### EXERCISE BRIEF
Write the listing below out again exactly, dropping the images.
┌─ SOURCE MATERIAL
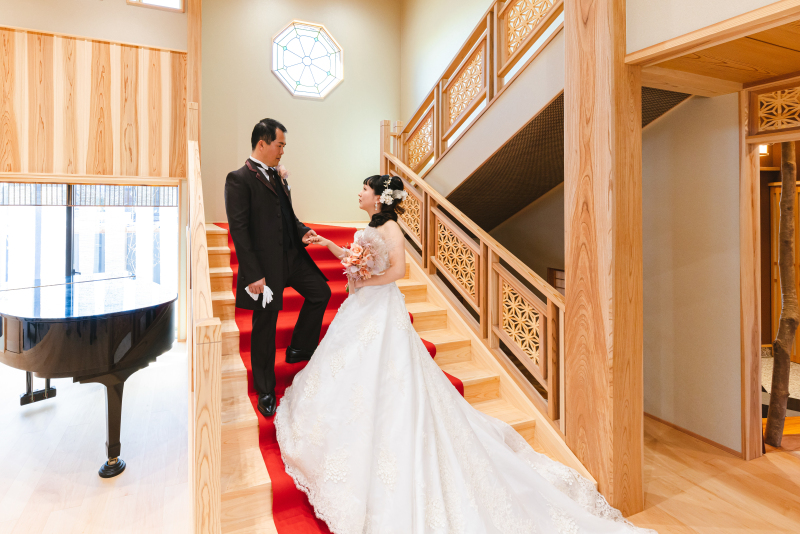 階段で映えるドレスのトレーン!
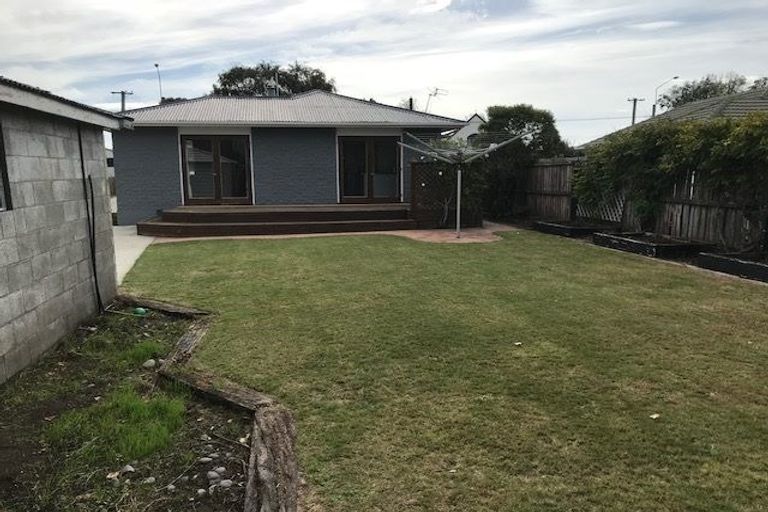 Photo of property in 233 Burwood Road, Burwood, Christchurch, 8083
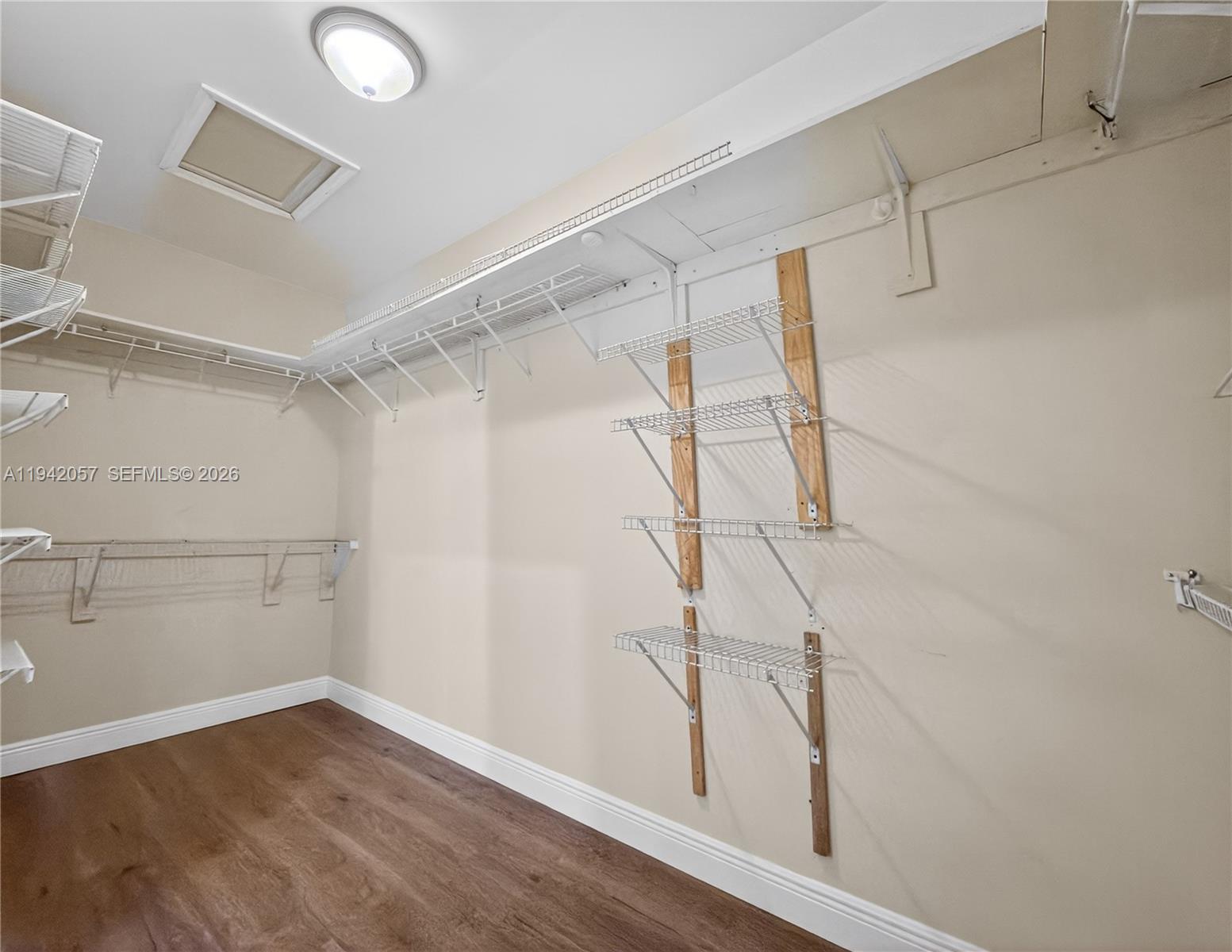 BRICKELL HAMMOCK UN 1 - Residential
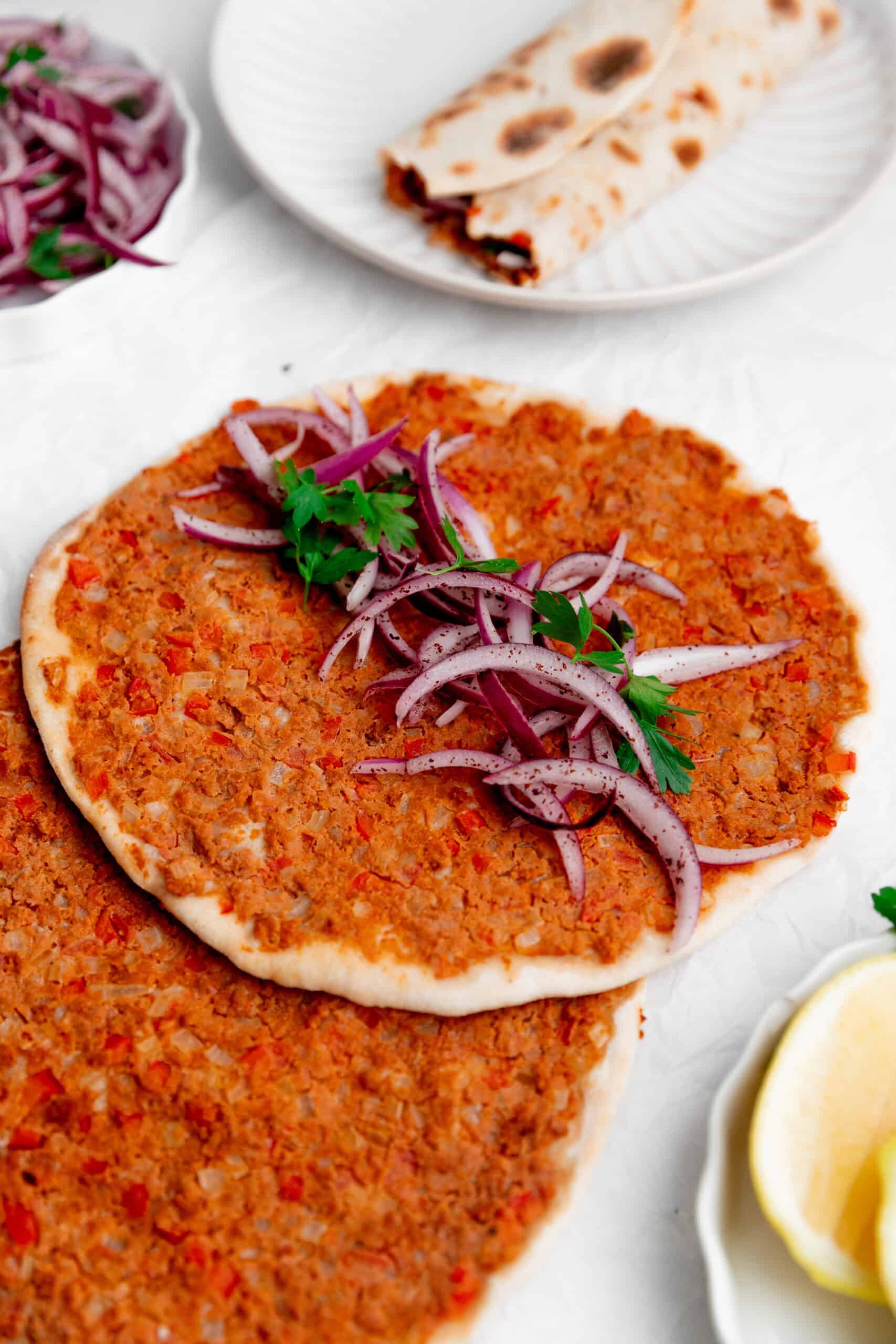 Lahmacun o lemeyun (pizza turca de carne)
└─
### TASK SOLUTION
 階段で映えるドレスのトレーン!
 Photo of property in 233 Burwood Road, Burwood, Christchurch, 8083
 BRICKELL HAMMOCK UN 1 - Residential
 Lahmacun o lemeyun (pizza turca de carne)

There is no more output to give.